Tuesday, 19 February 2008

Questions without Notice

Economy

2:55 pm

Photo of Lindsay TannerLindsay Tanner (Melbourne, Australian Labor Party, Minister for Finance and Deregulation) Share this | Hansard source

I thank the member for Robertson for her question and congratulate her on her first speech last evening. The government inherited challenging economic circumstances: underlying inflation running at 3.6 per cent, five interest rate increases over the past 18 months—with another one well and truly in the pipeline—and government spending growing by 4½ per cent in real terms. In an economy already being supercharged by very high returns from the mining boom, allowing government spending to increase at that rate is simply and totally irresponsible. I would like to go through one example to illustrate this point—just one example. From the middle of 2006 until the election late last year, over a period of 16 months, the former Howard government spent $457 million on government advertising—almost half a billion dollars within a space of 16 months.

And it is interesting to look at the figures over the preceding five years or so. On a calendar year basis, government advertising spending increased from $95.6 million in 2002 to $368.8 million in 2007. That is a 285 per cent increase—and they did not even get to go the full year. They did not even get to go the full year and they still managed to spend nearly $370 million in that one year. If you divide the spending between campaign advertising and non-campaign advertising—non-campaign advertising is routine stuff mostly; job ads and the like—you will see that it increased from $60.4 million in 2002 to $281.2 million in 2007. That is a 365 per cent increase.

The House and the Australian people are entitled to ask: how did this happen and who was in charge? I note, as the Treasurer did earlier, that in the middle of last year the former Treasurer, the member for Higgins, was quoted in the biography of the former Prime Minister about his worries in relation to government spending running out of control, and I quote:

I do worry about the sustainability of all these things.

That was the then Treasurer in the middle of last year.
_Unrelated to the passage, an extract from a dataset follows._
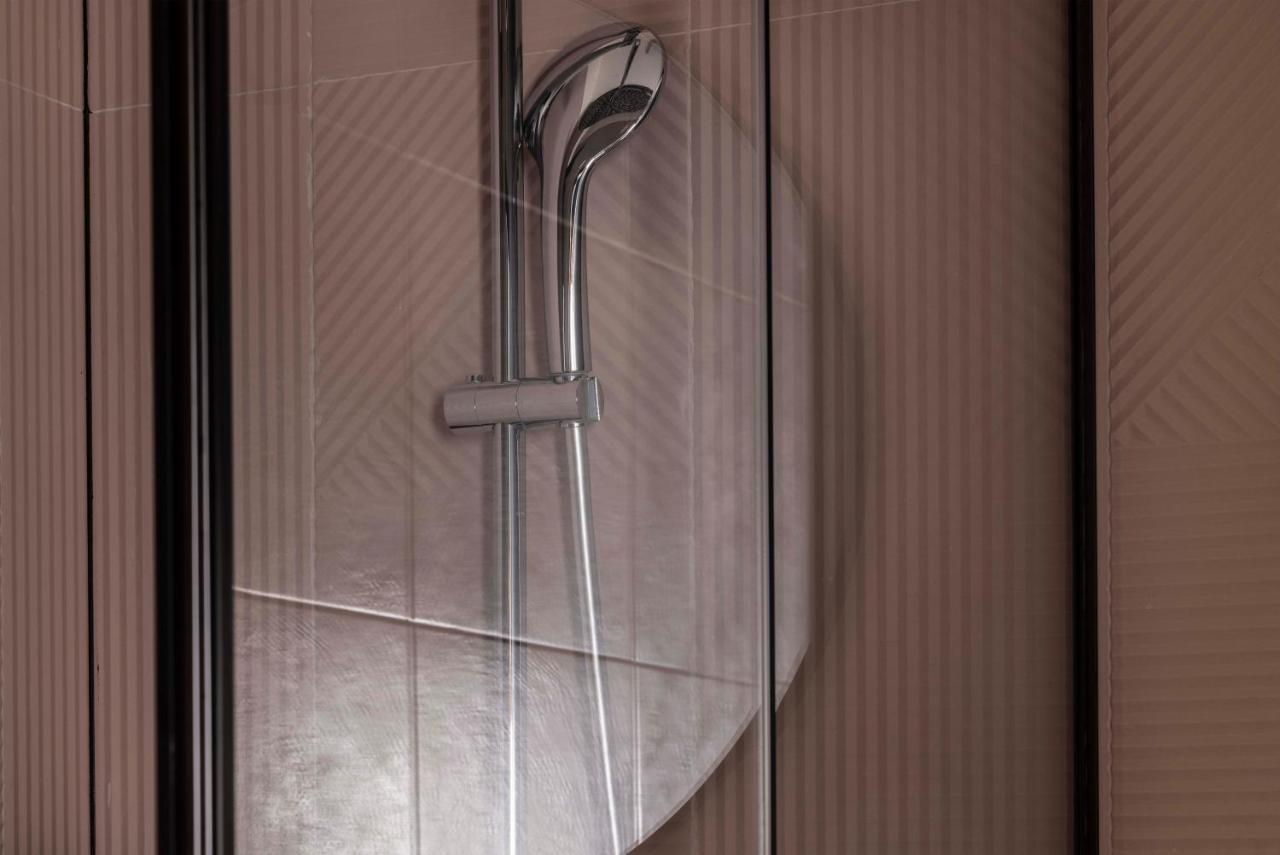 Hotel Art Quartier Latin By Malone 3*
Well, good on him! Isn’t that hunky-dory—he was there in his office worrying about it all! He was really worried about the sustainability of government spending. Thank goodness he was worried, because you can imagine what they would have spent if he had not been worried! The great pity is that he did not take any action; he did not actually do anything. That is the great pity. The truth is that, as on so many other things, the member for Higgins is all talk, all bluff, all bluster and no action. He is Australia’s champion flat-track bully, and we saw that in evidence last night.